Task description. Write out exactly the lines from the one containing "1-Light Outdoor Wall" to the end of the material, both ends included, and nothing else. Leave pictures out.

Data section.
|---|
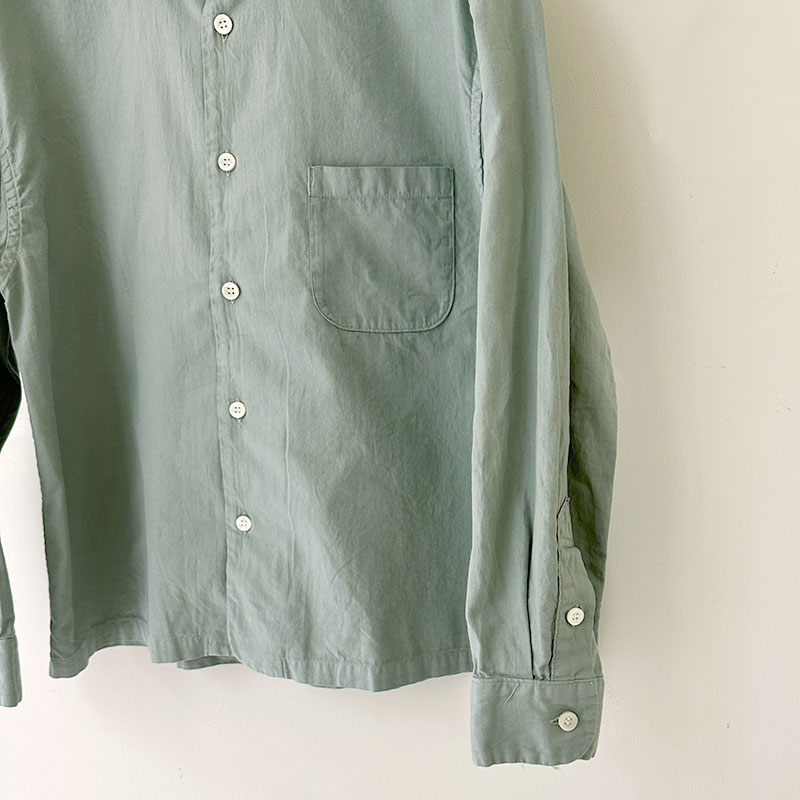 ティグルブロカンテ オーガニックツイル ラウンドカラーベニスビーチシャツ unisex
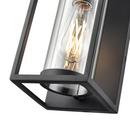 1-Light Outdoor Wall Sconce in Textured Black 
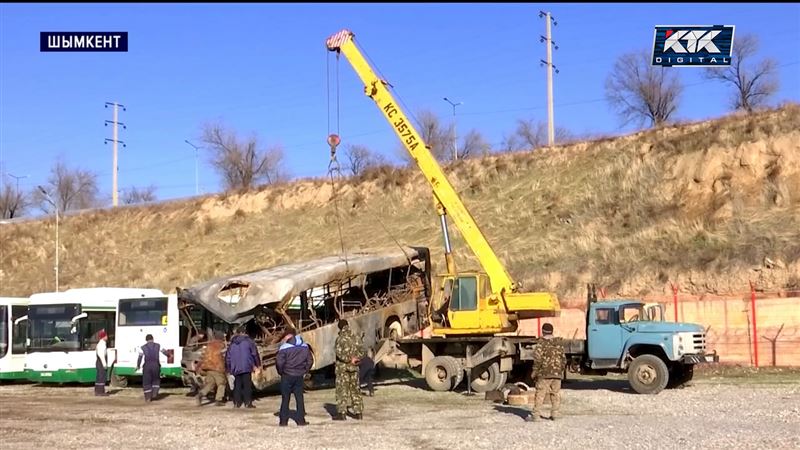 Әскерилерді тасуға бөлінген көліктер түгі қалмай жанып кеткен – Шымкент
|---|
Your response.
 1-Light Outdoor Wall Sconce in Textured Black 
 Әскерилерді тасуға бөлінген көліктер түгі қалмай жанып кеткен – Шымкент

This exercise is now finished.